Ceux-ci (voir les photos) furent surpris au détour d'un chemin dans la garrigue foisonnante du mois d'avril, sur une colline peu à peu reconquise par la végétation méditerranéenne, prés d'Avignon. Très parfumés, c'est un plaisir de les découvrir pareil à des vestiges vivants d'un jardin qui entourait une antique demeure de berger, aujourd'hui effacée … Il n'y a peut-être jamais eu d'habitation à cet endroit-là, seulement des prairies où paissaient des troupeaux de brebis.
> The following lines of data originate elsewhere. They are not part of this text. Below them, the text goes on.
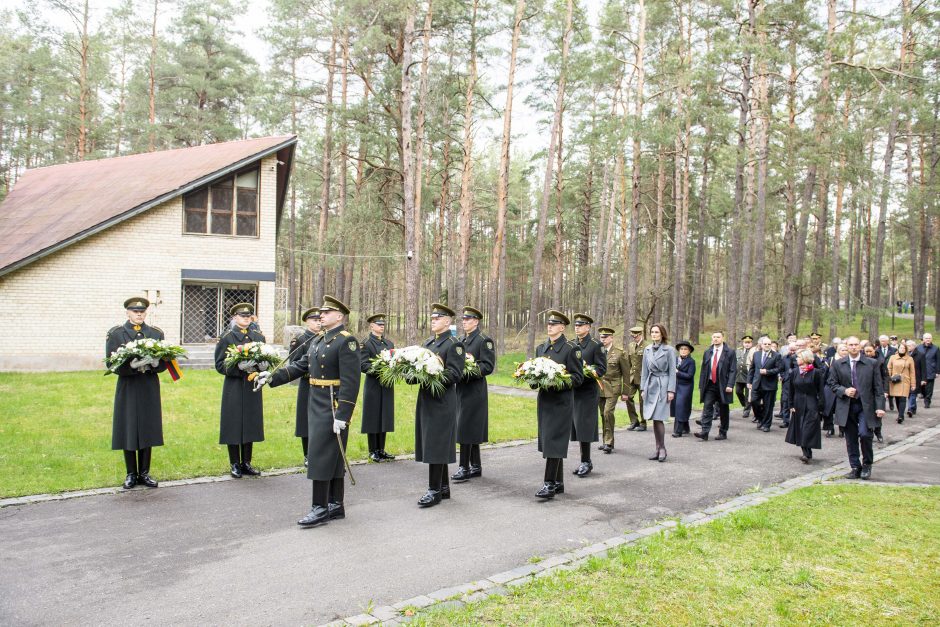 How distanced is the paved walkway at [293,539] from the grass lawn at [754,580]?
2.16 feet

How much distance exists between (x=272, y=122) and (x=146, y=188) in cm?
635

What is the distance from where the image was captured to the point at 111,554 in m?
5.51

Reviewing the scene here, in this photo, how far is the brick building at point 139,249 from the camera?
59.0 ft

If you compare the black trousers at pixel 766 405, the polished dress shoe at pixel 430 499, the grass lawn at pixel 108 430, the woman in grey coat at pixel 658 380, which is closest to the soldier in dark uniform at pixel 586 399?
the woman in grey coat at pixel 658 380

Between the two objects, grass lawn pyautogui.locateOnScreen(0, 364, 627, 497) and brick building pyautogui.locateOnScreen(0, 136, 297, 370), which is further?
brick building pyautogui.locateOnScreen(0, 136, 297, 370)

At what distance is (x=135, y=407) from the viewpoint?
25.2 ft

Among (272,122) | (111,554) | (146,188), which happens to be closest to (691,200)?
(272,122)

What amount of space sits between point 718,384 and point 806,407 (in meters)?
2.31

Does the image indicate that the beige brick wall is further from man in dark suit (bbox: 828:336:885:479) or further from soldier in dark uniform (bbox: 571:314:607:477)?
man in dark suit (bbox: 828:336:885:479)

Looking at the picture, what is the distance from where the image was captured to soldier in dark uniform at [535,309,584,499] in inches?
302

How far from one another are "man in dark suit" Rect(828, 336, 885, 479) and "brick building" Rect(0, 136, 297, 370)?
661 inches

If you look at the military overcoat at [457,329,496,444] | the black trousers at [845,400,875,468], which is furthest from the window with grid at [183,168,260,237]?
the black trousers at [845,400,875,468]

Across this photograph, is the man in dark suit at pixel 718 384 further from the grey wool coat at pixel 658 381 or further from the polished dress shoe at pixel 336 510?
the polished dress shoe at pixel 336 510

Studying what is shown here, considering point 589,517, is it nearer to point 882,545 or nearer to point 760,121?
point 882,545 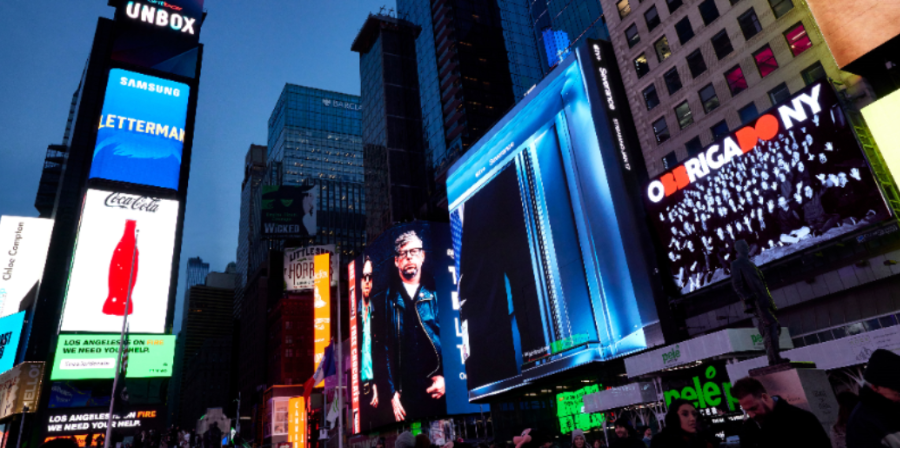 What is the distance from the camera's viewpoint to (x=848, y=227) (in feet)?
72.5

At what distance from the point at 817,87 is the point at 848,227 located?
633 cm

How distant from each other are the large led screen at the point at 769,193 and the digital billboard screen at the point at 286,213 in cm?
6324

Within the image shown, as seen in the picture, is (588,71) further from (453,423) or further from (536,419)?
(453,423)

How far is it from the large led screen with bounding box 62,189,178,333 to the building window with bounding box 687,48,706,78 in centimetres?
3361

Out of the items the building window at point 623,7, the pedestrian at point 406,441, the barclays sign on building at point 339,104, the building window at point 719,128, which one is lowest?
the pedestrian at point 406,441

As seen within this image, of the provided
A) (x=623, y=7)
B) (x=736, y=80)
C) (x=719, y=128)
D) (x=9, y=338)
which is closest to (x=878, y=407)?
(x=719, y=128)

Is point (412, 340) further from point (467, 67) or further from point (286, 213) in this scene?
point (467, 67)

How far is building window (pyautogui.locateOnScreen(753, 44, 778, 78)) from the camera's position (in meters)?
29.5

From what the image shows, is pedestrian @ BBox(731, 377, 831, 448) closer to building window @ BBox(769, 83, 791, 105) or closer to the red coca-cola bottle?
building window @ BBox(769, 83, 791, 105)

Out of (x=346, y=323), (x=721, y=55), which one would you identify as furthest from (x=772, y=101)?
(x=346, y=323)

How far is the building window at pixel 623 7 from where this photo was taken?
39469 mm

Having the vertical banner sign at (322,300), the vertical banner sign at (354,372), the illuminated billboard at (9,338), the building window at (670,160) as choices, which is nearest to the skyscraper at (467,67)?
the vertical banner sign at (322,300)

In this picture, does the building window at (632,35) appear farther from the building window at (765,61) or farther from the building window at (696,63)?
the building window at (765,61)

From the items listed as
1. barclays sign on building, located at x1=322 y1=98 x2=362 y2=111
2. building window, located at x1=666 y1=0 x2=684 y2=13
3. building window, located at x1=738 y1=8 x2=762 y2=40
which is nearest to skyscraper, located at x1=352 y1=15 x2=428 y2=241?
building window, located at x1=666 y1=0 x2=684 y2=13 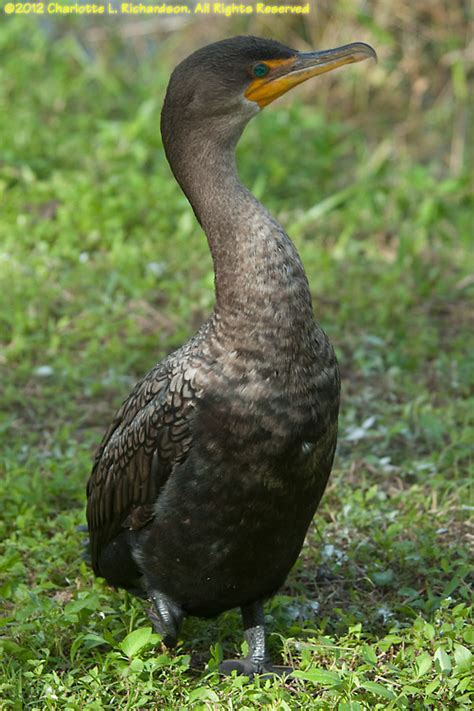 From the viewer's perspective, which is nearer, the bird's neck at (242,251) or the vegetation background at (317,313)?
the bird's neck at (242,251)

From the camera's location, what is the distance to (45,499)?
448 cm

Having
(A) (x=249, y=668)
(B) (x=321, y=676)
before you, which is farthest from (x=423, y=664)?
(A) (x=249, y=668)

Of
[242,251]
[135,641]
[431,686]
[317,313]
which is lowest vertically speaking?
[317,313]

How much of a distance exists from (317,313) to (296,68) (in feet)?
8.81

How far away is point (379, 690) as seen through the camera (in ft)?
10.0

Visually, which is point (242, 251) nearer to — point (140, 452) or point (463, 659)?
point (140, 452)

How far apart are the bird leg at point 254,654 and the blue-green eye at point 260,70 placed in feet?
5.40

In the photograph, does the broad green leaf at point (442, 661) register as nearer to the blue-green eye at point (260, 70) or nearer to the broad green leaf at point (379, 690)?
the broad green leaf at point (379, 690)

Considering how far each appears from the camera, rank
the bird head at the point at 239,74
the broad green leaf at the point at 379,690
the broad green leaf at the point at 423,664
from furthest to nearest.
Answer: the bird head at the point at 239,74
the broad green leaf at the point at 423,664
the broad green leaf at the point at 379,690

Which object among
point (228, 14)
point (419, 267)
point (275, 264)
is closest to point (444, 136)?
point (228, 14)

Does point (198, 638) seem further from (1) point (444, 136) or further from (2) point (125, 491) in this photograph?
(1) point (444, 136)

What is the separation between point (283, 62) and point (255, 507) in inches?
53.2

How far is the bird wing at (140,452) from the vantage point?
3.25 meters

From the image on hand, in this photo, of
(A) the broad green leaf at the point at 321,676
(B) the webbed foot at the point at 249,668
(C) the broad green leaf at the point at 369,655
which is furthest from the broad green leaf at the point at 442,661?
(B) the webbed foot at the point at 249,668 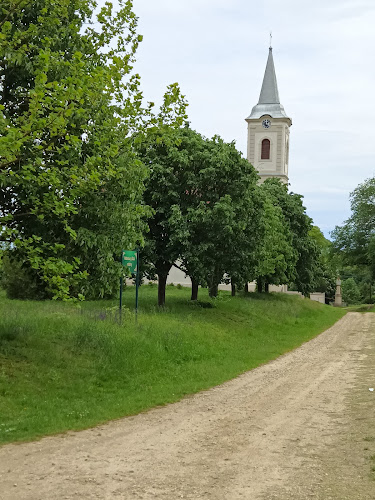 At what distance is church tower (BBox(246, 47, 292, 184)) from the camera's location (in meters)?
87.2

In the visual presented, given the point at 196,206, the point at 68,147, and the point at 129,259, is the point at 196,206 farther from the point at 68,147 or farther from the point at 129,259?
the point at 68,147

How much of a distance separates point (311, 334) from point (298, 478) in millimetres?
25226

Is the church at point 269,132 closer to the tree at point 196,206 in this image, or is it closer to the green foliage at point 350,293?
the green foliage at point 350,293

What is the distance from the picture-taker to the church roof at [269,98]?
291 ft

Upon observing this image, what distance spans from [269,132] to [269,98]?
18.7ft

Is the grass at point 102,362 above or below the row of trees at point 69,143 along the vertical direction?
below

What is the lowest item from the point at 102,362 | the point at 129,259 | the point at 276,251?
the point at 102,362

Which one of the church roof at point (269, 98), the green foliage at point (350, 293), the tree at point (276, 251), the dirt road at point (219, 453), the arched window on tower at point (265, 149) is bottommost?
the dirt road at point (219, 453)

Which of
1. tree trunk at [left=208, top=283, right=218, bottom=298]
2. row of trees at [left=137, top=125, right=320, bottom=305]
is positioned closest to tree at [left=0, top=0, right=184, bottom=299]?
row of trees at [left=137, top=125, right=320, bottom=305]

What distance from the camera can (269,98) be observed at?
296ft

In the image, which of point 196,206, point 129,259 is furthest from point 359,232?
point 129,259

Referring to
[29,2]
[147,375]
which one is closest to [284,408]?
[147,375]

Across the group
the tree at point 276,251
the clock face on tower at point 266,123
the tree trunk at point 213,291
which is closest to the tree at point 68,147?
the tree trunk at point 213,291

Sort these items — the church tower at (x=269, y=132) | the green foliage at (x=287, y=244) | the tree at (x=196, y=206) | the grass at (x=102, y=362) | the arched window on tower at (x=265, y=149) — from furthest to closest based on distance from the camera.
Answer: the arched window on tower at (x=265, y=149)
the church tower at (x=269, y=132)
the green foliage at (x=287, y=244)
the tree at (x=196, y=206)
the grass at (x=102, y=362) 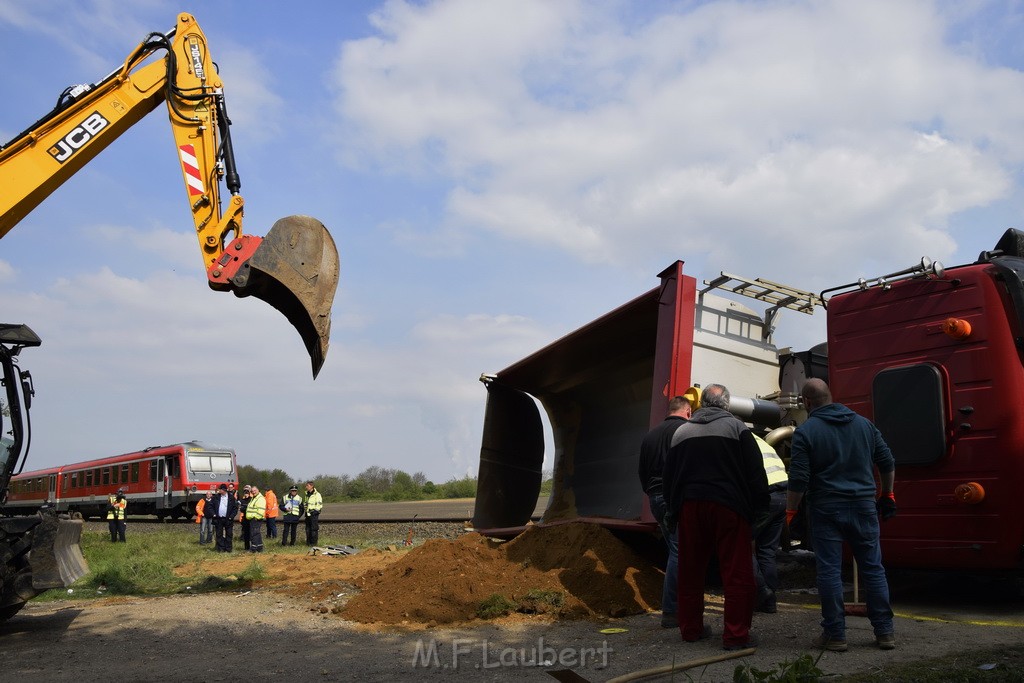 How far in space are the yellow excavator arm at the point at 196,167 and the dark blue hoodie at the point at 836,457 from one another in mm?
3599

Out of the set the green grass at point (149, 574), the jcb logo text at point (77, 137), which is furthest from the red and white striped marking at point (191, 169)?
the green grass at point (149, 574)

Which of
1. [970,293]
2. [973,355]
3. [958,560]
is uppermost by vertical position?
[970,293]

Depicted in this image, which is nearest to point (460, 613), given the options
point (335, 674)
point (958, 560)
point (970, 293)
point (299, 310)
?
point (335, 674)

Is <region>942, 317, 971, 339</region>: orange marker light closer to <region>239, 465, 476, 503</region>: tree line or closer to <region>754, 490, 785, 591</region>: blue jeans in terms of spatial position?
<region>754, 490, 785, 591</region>: blue jeans

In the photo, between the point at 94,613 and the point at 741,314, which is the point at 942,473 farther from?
the point at 94,613

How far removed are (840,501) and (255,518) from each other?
14033mm

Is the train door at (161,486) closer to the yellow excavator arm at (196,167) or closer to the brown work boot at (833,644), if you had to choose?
the yellow excavator arm at (196,167)

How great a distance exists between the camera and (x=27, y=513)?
22.6 feet

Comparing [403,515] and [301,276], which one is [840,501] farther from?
[403,515]

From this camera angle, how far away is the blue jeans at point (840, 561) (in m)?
4.44

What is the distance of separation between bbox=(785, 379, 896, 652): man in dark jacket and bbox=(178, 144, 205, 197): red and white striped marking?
17.1 feet

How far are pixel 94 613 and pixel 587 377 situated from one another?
5.75 metres

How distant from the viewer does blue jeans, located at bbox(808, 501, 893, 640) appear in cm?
444

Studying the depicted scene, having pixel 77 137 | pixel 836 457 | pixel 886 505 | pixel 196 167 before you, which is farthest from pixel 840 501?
pixel 77 137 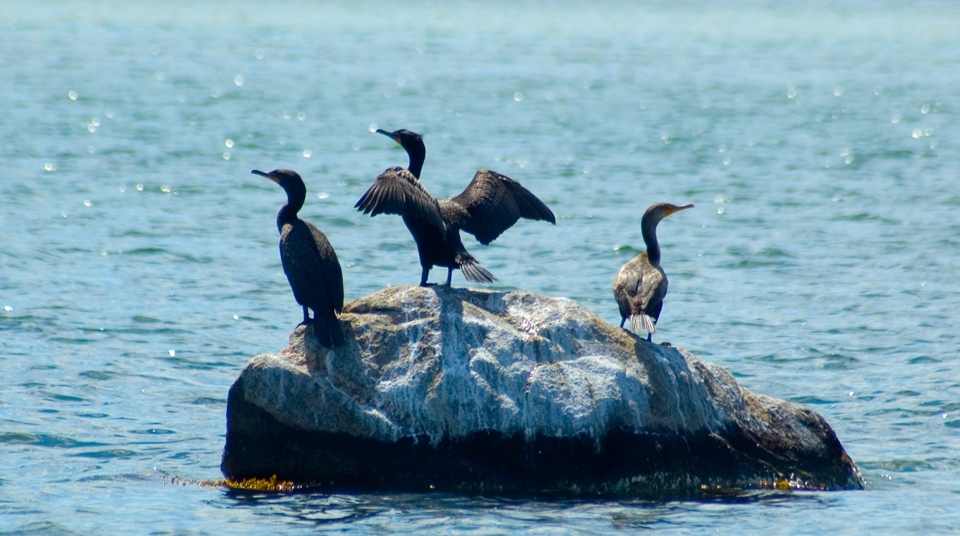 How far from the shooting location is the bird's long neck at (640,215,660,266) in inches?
367

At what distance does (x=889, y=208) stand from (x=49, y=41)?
37837 millimetres

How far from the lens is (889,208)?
2133cm

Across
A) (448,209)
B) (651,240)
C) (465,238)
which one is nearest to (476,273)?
(448,209)

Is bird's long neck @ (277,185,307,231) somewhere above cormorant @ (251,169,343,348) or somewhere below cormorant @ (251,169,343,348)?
above

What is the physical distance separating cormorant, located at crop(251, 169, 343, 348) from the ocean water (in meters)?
1.19

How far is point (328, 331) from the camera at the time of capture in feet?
26.7

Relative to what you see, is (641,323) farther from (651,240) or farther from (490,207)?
(490,207)

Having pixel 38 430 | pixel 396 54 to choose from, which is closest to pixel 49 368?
pixel 38 430

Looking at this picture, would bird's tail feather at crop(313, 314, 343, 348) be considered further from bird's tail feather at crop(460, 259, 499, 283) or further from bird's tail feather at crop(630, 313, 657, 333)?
bird's tail feather at crop(630, 313, 657, 333)

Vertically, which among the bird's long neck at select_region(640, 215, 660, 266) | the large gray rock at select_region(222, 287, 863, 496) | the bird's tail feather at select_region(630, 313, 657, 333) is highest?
the bird's long neck at select_region(640, 215, 660, 266)

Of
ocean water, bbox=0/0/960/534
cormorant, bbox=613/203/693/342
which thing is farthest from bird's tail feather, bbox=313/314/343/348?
cormorant, bbox=613/203/693/342

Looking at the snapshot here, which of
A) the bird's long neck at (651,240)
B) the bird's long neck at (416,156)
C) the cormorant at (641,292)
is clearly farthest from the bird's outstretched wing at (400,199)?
the bird's long neck at (651,240)

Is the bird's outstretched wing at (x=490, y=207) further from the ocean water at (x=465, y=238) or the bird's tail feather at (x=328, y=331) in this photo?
the ocean water at (x=465, y=238)

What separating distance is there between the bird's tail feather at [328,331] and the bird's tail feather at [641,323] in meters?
2.10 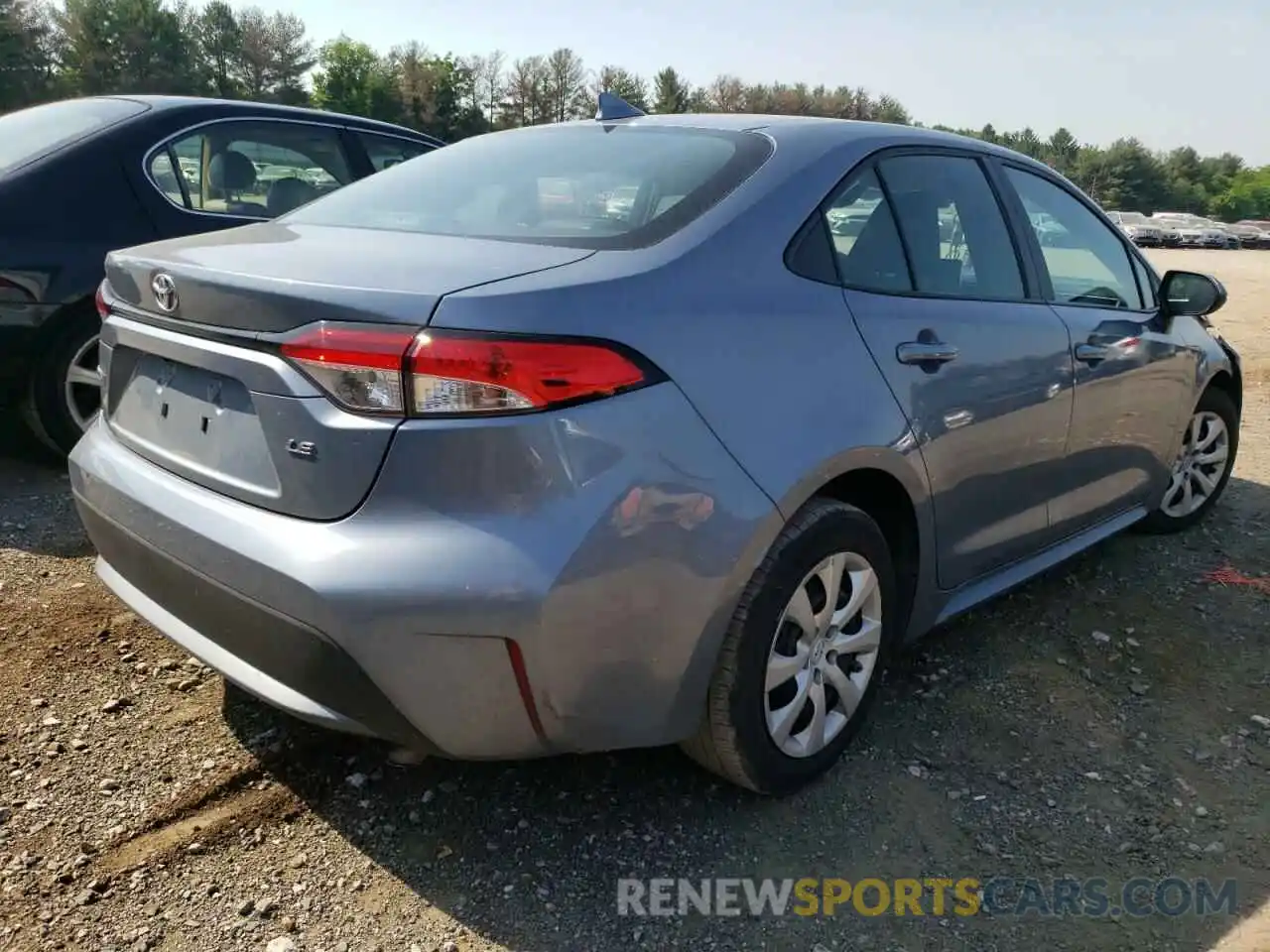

Quoiqu'il en soit aujourd'hui, ils sont chassés par les troupes de "villas" en constructions à quelques centaines de mètres de là …
Autrefois, l'iris sauvage s'invitait sur les balcons des maisons médiévales en Provence, surtout de celles perchées au sommet de rochers arides, leur petite note colorée et parfumée était la bienvenue dans ces univers d'austérité. L'ethnobotaniste Pierre Lieuthaghi en parle dans son excellent "Petite ethnobotanique méditerranéenne" et y voit une explication dans la colonisation de ces belles fleurs sur les pentes rocailleuses des collines.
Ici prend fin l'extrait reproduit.